A l’Opéra puis au Musée d’Orsay, nous sentirons aussi des différences dans notre regard et dans les circonstances, avec notre première visite.
A l’Opéra, reconnaissons que « l’atmosphère » n’était pas à la curiosité ni à l’enthousiasme. L’atmosphère avait une drôle de « gueule » comme aurait dit Jouvet ou Arletty. L’accueil fut glacial et la visite écourtée « pour raisons indépendantes de notre volonté » dit l’argument classique et si nos guides essayèrent de conserver et de moduler calme et admiration – nous les connaissons d’ailleurs et les reverrons avec plaisir -, le personnel de l’Opéra n’avait visiblement qu’une hâte, qu’on reparte. Il est vrai que des manifestants étaient attendus pour la fin de l’après-midi et nous les verrons et les entendrons largement le soir à la télé.
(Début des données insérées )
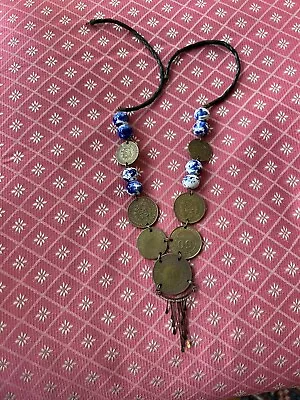 Vintage Peruvian Sol Coin Vicuna Necklace Blue Ceramic Beads Black Leather Cord • $25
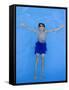 9 Year Old Boy Swimming in Pool, Kiamesha Lake, New York, USA-Paul Sutton-Framed Stretched Canvas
A Orsay, nous étions attirés par la curiosité et nous fûmes largement submergés par cette curiosité.
L’ancien musée nous attendait avec sa vue générale, presque exhaustive de l’expression artistique du XIXème siècle dans la variété de ses écoles, dans la sincérité de ses enthousiasmes, mais nous n’étions venus que pour ses nouvelles acquisitions. Elles nous feront négliger les anciennes mais ne nous les feront pas oublier.
Je vais prendre quelques exemples parmi des œuvres déjà vues ou qui sont parties vers d’autres musées, étrangers le plus souvent, laissant ainsi entendre que l’art de nos peintres est une valeur sûre à l’exportation.
Ainsi Gauguin avec son « Portrait au Christ Jaune » est bien mis en valeur, mais « Mahana No Atua » (Jour de Dieu) est à Chicago. Ainsi Courbet avec « L’atelier du peintre » est à Orsay, mais la « Femme avec un perroquet » est à New York. Ainsi Van Gogh, nous avons apprécié sa « Nuit étoilée » à Orsay, mais son « Café de nuit » (avec la nuit aussi très étoilée) est à Amsterdam. Ainsi Manet, son « Olympia » est à Orsay, mais « Torero mort » est à Washington et si son « Zola » est à Orsay, sa « Nana » est à Londres.
Je pourrais continuer ce jeu et ce serait fastidieux, mais si cela vous amuse de le continuer, faites-nous en profiter.
Nos peintres font ainsi connaître au monde leur talent mais nos paysages aussi s’exportent bien, même les plus humbles et sans parler de Barbizon déjà longuement évoqué. Allons, quelques exemples rapides :
Corot bien sûr avec ses « Étangs de Ville-d’Avray », et Monet à Giverny et sur les bords de l’Epte avec ses « Meules » et ses « Peupliers ». Avec Pissarro « Les Vergers de Louveciennes » sont à Washington. Avec Sisley « Le Pont de Villeneuve-la-Garenne » est à New York. Les « Grenouillères » de Monet et de Renoir sont à New York et Stockholm. Là encore, vous pouvez continuer …
Et si nous sommes attirés par des scènes de toilette intime, nous avions déjà Orsay.
La « Création du monde » n’y ajoute rien, mais heureusement que « La Pisseuse » de Picasso est restée à Beaubourg et je pense que nous aurions été nombreux à apprécier à Orsay avec une certaine nostalgie peut-être : Monet et ses « Coquelicots à Argenteuil ».
Argenteuil, ses canotiers, sa campagne, ses coquelicots, nous étions dans un autre monde.